## WORK TO BE COMPLETED
Each entry should be set down exactly as written, except for any picture it holds.

● ● ● ● ●

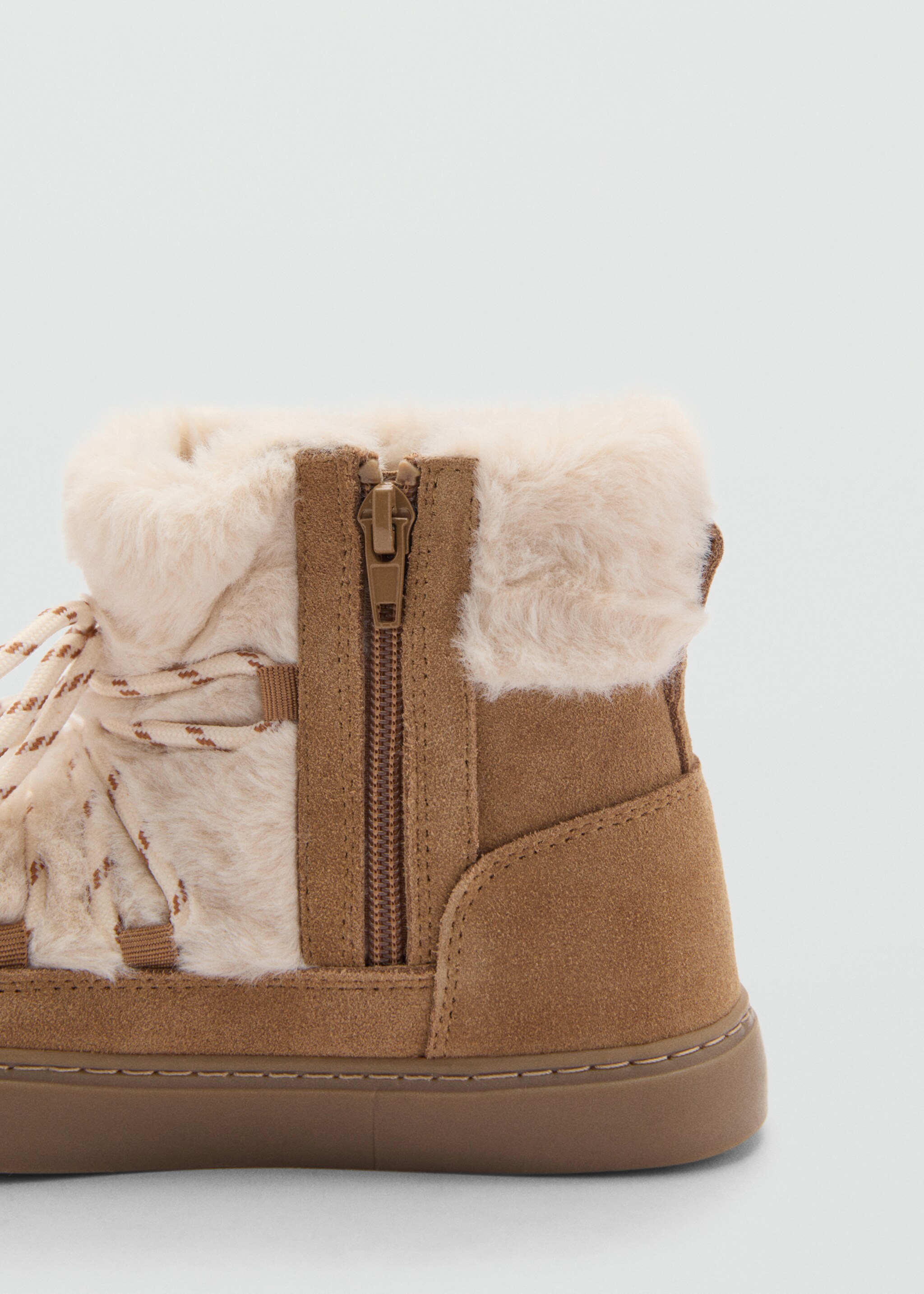 Fur leather ankle boots - Details of the article 1, Medium Brown. Ref: 77016748-00.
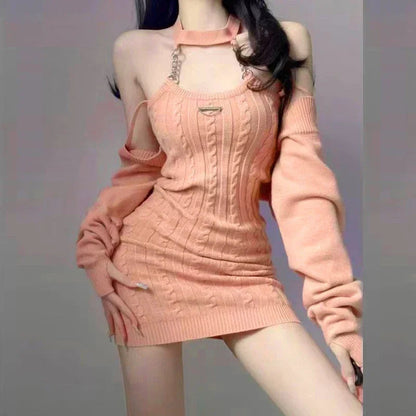 Knitted Twopiece Set Halter Neck Dress Loose Coat New Hot Girl Suspender Short Skirt Korea Japan Style Vestidos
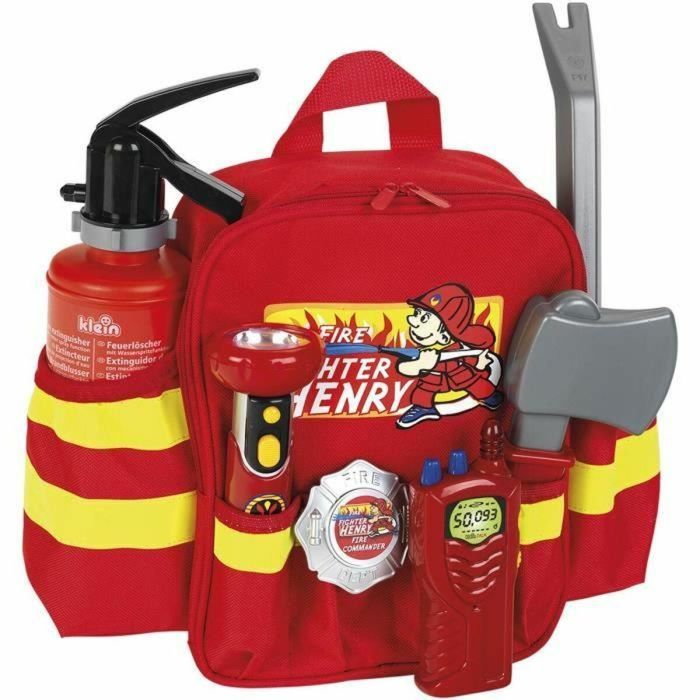 Klein FUEGO Mochila Bombero de Henry para Niños con Accesorios de Juguete Extintor Hacha Linterna Walkie Talkie Palanca Insignia 1 Klein FUEGO Mochila Bombero de Henry para Niños con Accesorios de Juguete Extintor Hacha Linterna Walkie Talkie Palanca Insignia 1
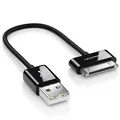 deleyCON 0,15m 30-Pin USB Kabel Dock Connector Sync-Kabel Ladekabel Datenkabel Kompatibel mit iPhone 4s 4 3Gs 3G iPad iPod - Schwarz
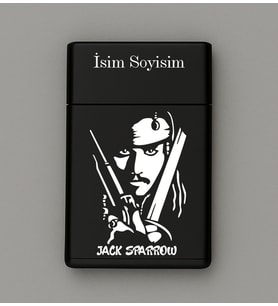 Jack Sparrow Desenli Metal Tabaka – Kişiye Özel İsimli Hediyelik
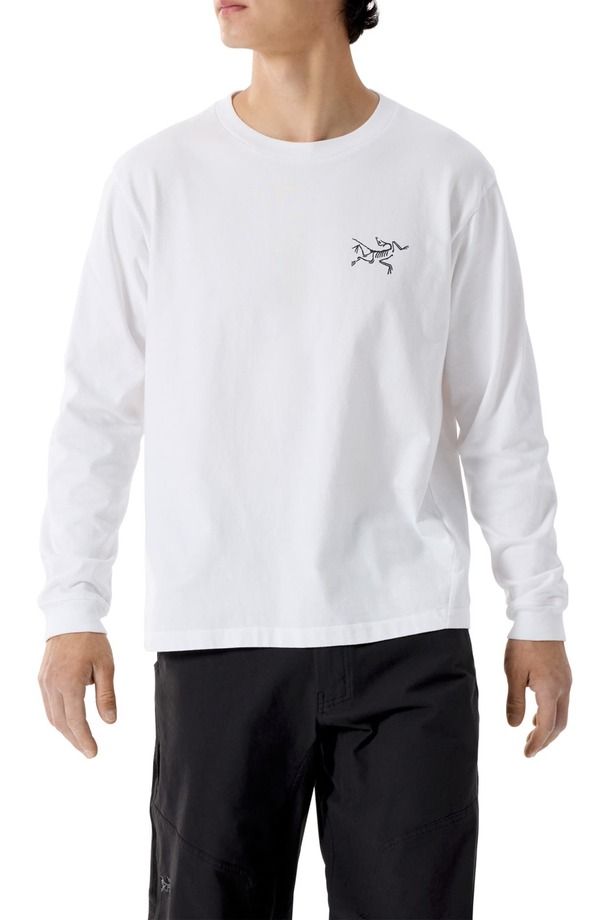 アークテリクス メンズ トップス Tシャツ コットン グラフィック Arcteryx Kragg Long Sleeve Cotton Graphic TShirt White Light Black ホワイト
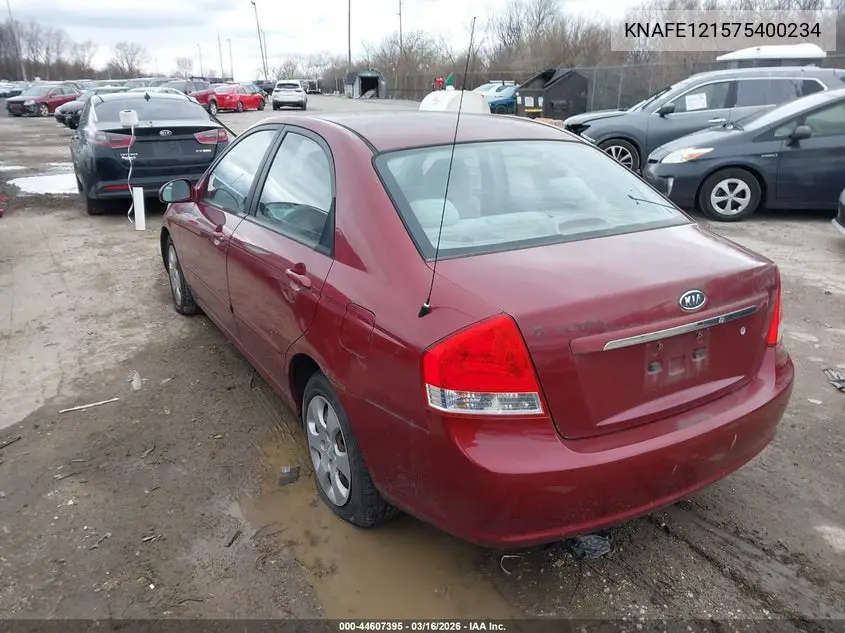2007 Kia Spectra Ex VIN: KNAFE121575400234 Lot: 44607395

● ● ● ● ●

## ANSWER FOR THE TASK
 Fur leather ankle boots - Details of the article 1, Medium Brown. Ref: 77016748-00.
 Knitted Twopiece Set Halter Neck Dress Loose Coat New Hot Girl Suspender Short Skirt Korea Japan Style Vestidos
 Klein FUEGO Mochila Bombero de Henry para Niños con Accesorios de Juguete Extintor Hacha Linterna Walkie Talkie Palanca Insignia 1 Klein FUEGO Mochila Bombero de Henry para Niños con Accesorios de Juguete Extintor Hacha Linterna Walkie Talkie Palanca Insignia 1
 deleyCON 0,15m 30-Pin USB Kabel Dock Connector Sync-Kabel Ladekabel Datenkabel Kompatibel mit iPhone 4s 4 3Gs 3G iPad iPod - Schwarz
 Jack Sparrow Desenli Metal Tabaka – Kişiye Özel İsimli Hediyelik
 アークテリクス メンズ トップス Tシャツ コットン グラフィック Arcteryx Kragg Long Sleeve Cotton Graphic TShirt White Light Black ホワイト
2007 Kia Spectra Ex VIN: KNAFE121575400234 Lot: 44607395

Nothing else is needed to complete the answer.